Faith Value

Leap of Faith
In truth, “We walk by faith, not by sight.”

 

“Now faith is the assurance of things hoped for, the conviction of things not seen.” Hebrews 11:1

In modern society’s expanding secularity, faith is losing ground; at least, this is true of religious faith.  Faith, to the ever more scientific mind of the common-man, is growing steadily useless and without value.  “What good or use is faith?” Asks the modern believer in the scientific method.  This is really a good question, and one that I’m sure most people, especially religious skeptics, have failed to pursue with any rigor. And before the religious among you get all high-handed, I’d add that, in all probability–neither have you.

The question of what faith is, has birthed many debates  across history.  Theologians and lay persons have sought certainty about what faith is so they could know what was necessary to possess it. When I use the word faith, as in “I have faith in X”, I do not mean that I have confidence in X, or that I hope X is true; I am claiming to know X is true. And I only use the term in the absence of proof. For myself, faith needs uncertainty. Without it, faith is unnecessary, and all we need do is memorize the facts.

Fortunately, for the faithful, uncertainty surrounds us. Every future second does not exist except in our faith.  There is no CSI team on Earth who can discover evidence of God. There are no experts writing texts on the immortal souls of humankind. We need faith to feel anchored in the world, to offer some answers to the questions that haunt us: Where did we come from? What lies in our future, beyond the hour of our death? In truth, “We walk by faith, not by sight.”

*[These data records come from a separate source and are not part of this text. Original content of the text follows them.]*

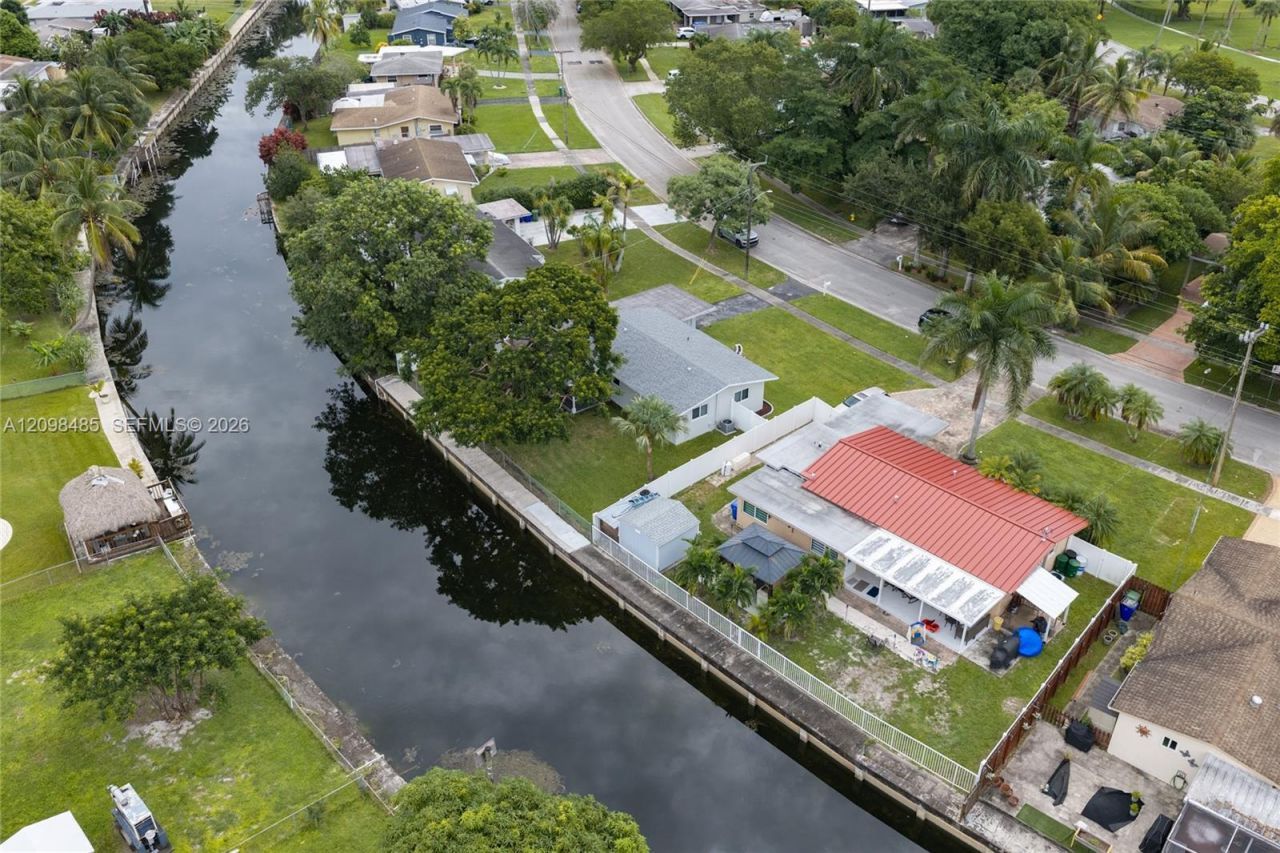 1101 E River Dr, Margate, FL 33063 Photo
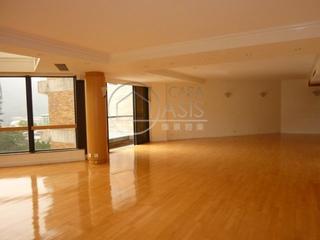 Shouson Hill - Henredon Court 03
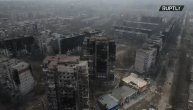 Snimak dronom razorene stambene četvrti Mariupolja dok se borbe nastavljaju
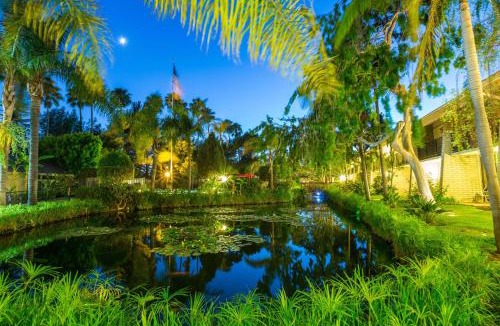 Santa Barbara Hotel | Ramada by Wyndham Santa Barbara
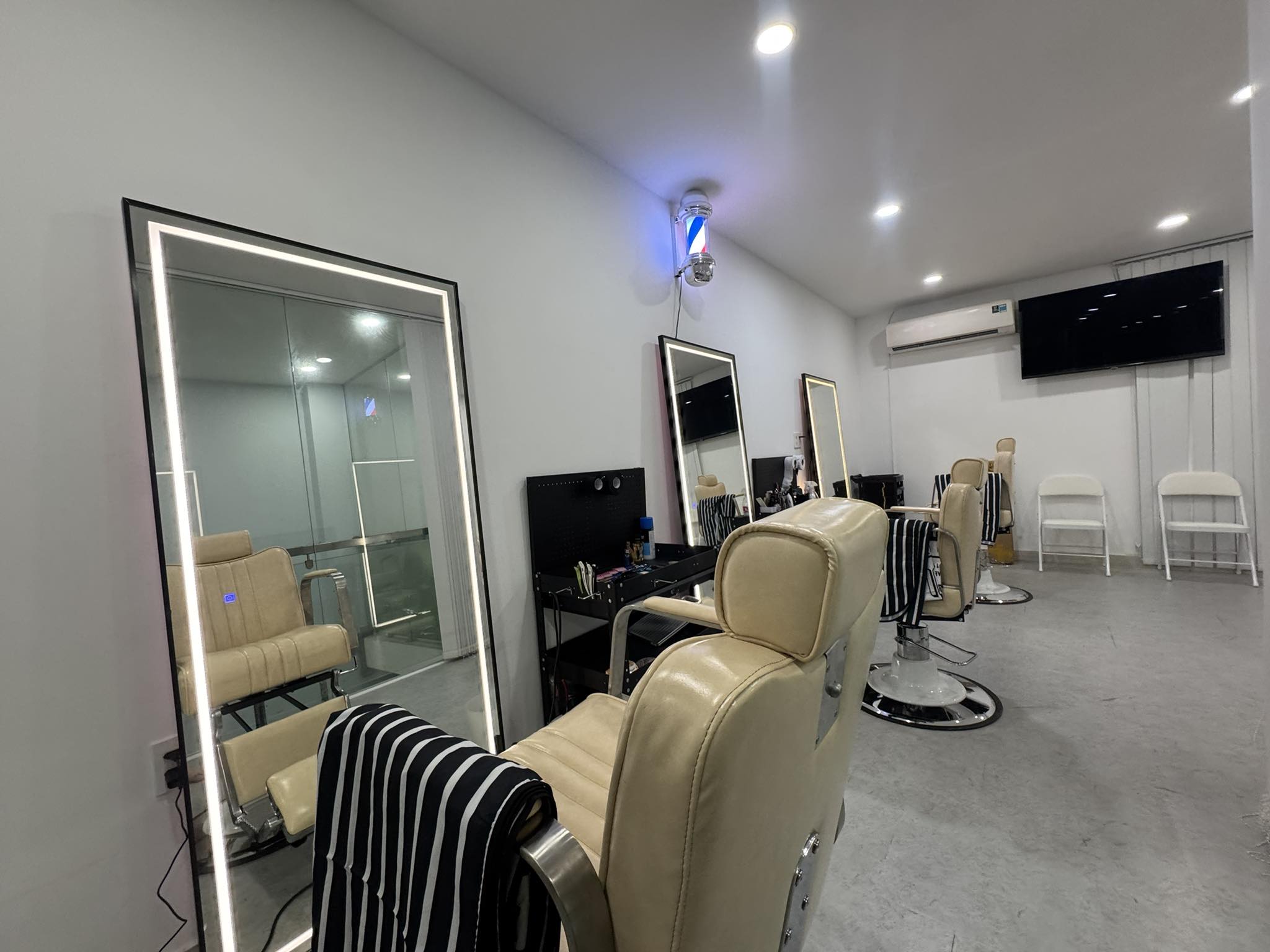 Top 3 Barber Shop Chất Lượng Tại Quận 1 (2025) – Nơi Tạo Kiểu Tóc Nam Chuẩn Mực & Cá Tính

Scientists need some faith too, I think. Some of the factors used in their studies are very mysterious. Time has never been seen or measured. It has no direct effect in our cause and effect universe, therefore it is undetectable. It does not flow through clocks, yet the scientist knows it is there–somehow.  Newton’s laws of conservation assert that energy cannot be created or destroyed and Einstein’s theory of relativity shows that energy and matter are forms of the same thing, so in view of the laws of conservation, where did all of the matter/energy in the universe come from?Mysterious indeed.

Crushed_Flowers_on_Road
Without faith in my life’s redemption, the hopelessness would have crushed my spirit like an apple blossom underfoot.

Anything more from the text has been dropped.